Nel 2019 l’ex presidente Cristina Kirchner si era fatta eleggere vicepresidente apposta perché la connessa presidenza del Senato garantisce l’immunità. Il 22 agosto scorso, però, due pm hanno chiesto per lei dodici anni di carcere e il divieto di ricoprire cariche pubbliche per le accuse di corruzione su appalti pubblici. Questo ha contribuito allo scontro nella coalizione Frente de Todos tra la componente più populista di Cristina e quella più moderata del presidente Alberto Fernández. Il 4 luglio il ministro dell’Economia Martín Guzmán, allievo del premio Nobel Joseph Stiglitz e uomo del presidente, è stato sostituito dalla kircherista Silvina Batakis, che però ha retto soltanto un mese. Al suo posto è andato Sergio Massa, esponente di una terza componente che si è dimesso da presidente della Camera, e che vuol essere il prossimo presidente del paese. Ma un sondaggio del 24 agosto lo dà solo terzo, col 18,7 per cento delle intenzioni di voto. Lo supera il capo di governo della Città di Buenos Aires Horacio Antonio Rodríguez Larreta, esponente dell’alleanza di centro-destra Juntos por el Cambio di Mauricio Macri al 31, ma addirittura Jasvier Milei: una specie di Bolsonaro argentino che sta al 20,9.

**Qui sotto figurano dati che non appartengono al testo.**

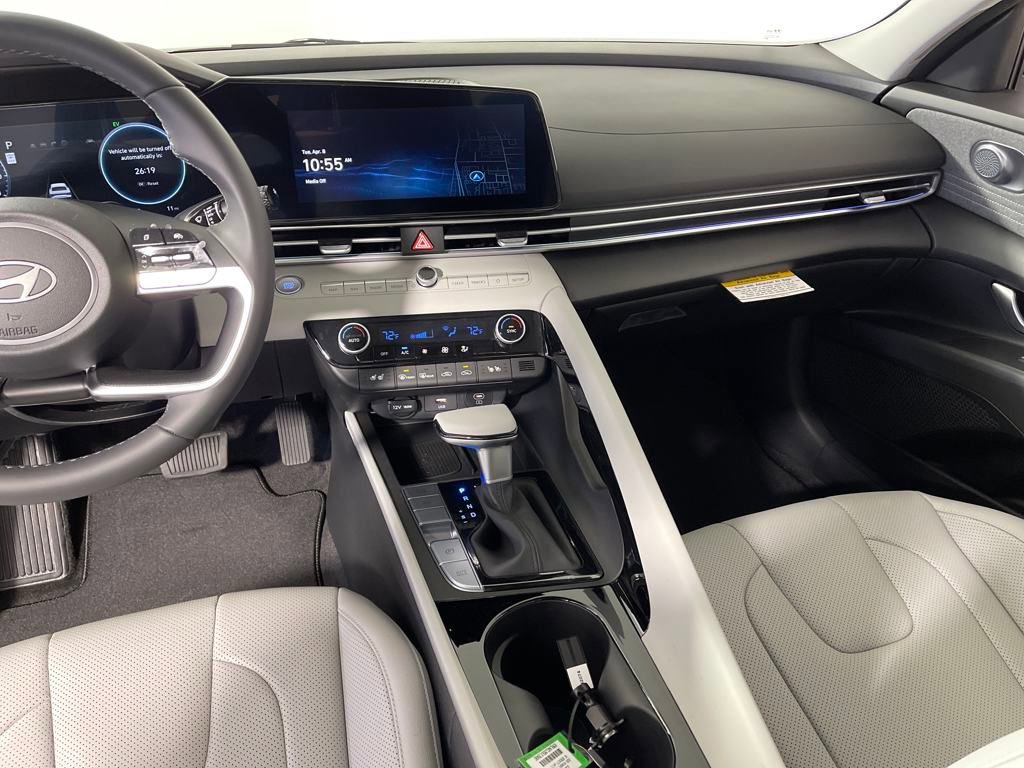 New 2025 Hyundai Elantra Limited image 17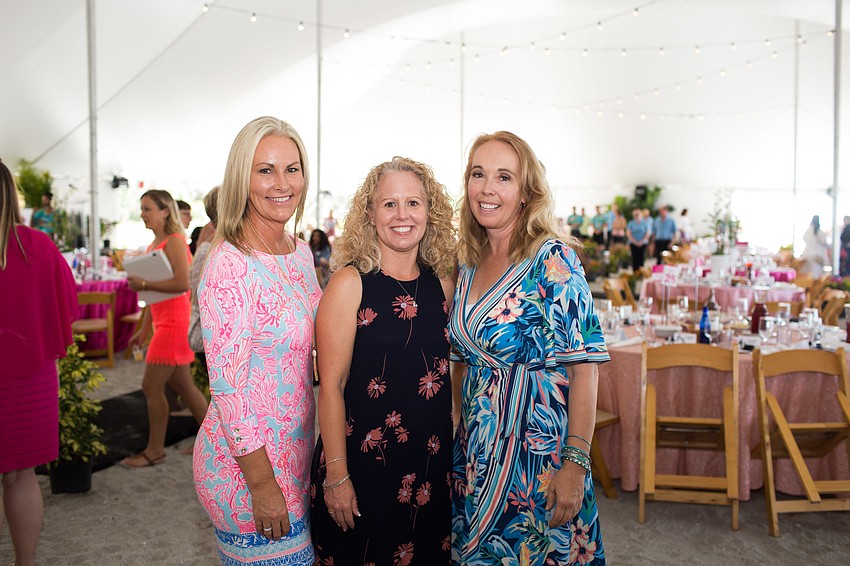 Co-Chairwomen Lisa Jackson, Lisa Giglio and Renee Ryckman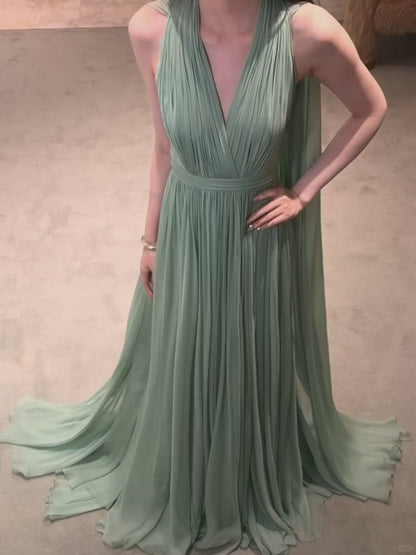 Elegant Green Prom Dress Chiffon Halter Evening Dress A-Line Formal Dress ED06873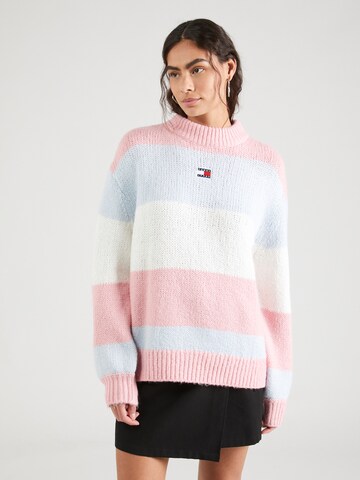 Tommy Jeans Sweter oversize w kolorze różowy: przód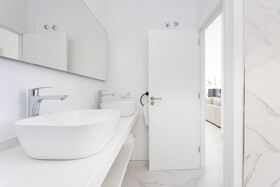 Crystal Luxury Apartments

La difficoltà ha però galvanizzato la base kirchnerista. Dopo che Fernández ha fatto sottoscrivere un appello contro la “ingiustificabile persecuzione giudiziaria” dai presidenti del Messico, Andrés Manuiel López Obrador, della Colombia, Gustavo Petro, e della Bolivia, Luis Arce, sabato scorso i militanti hanno organizzato una marcia di sostegno davanti a casa di Cristina, che si è scontrata con la polizia della capitale – 12 agenti sono stati feriti, quattro manifestanti arrestati. Da allora è continuato un picchetto di solidarietà di fronte alla porta. L’attentatore si è lanciato contro la vicepresidente di ritorno dal Senato che, dopo essere scesa dall’auto di servizio, stava per salutare i sostenitori. Gli agenti della Polizia federale che dovevano sorvegliare i manifestanti sono subito scattati, ma se la pistola avesse funzionato non ci sarebbe stato niente da fare.
Sia militanti e dirigenti kirchneristi sia leader di sinistra stranieri che hanno condannato il gesto hanno fatto riferimento al “clima di odio”: il brasiliano Lula ha definito l’attentatore “fascista”, il boliviano Evo Morales ha attaccato la “destra” e “l’imperialismo”. Ma nell’intervista in tv l’attentatore se la era presa anche con Millei, e solidarietà a Cristina Kirchner è stata subito espressa da Juntos per il Cambio, dall’ex presidente argentino Mauricio Macri, e anche dal presidente dell’Osa. Luis Almagro, che con la Kirchner ha spesso avuto un rapporto conflittuale. Cinquanta senatori di Juntos por el Cambio e Frente de Todos assieme già tre ore dopo l’attentato avevano accordato di dare una “risposta istituzionale” congiunta.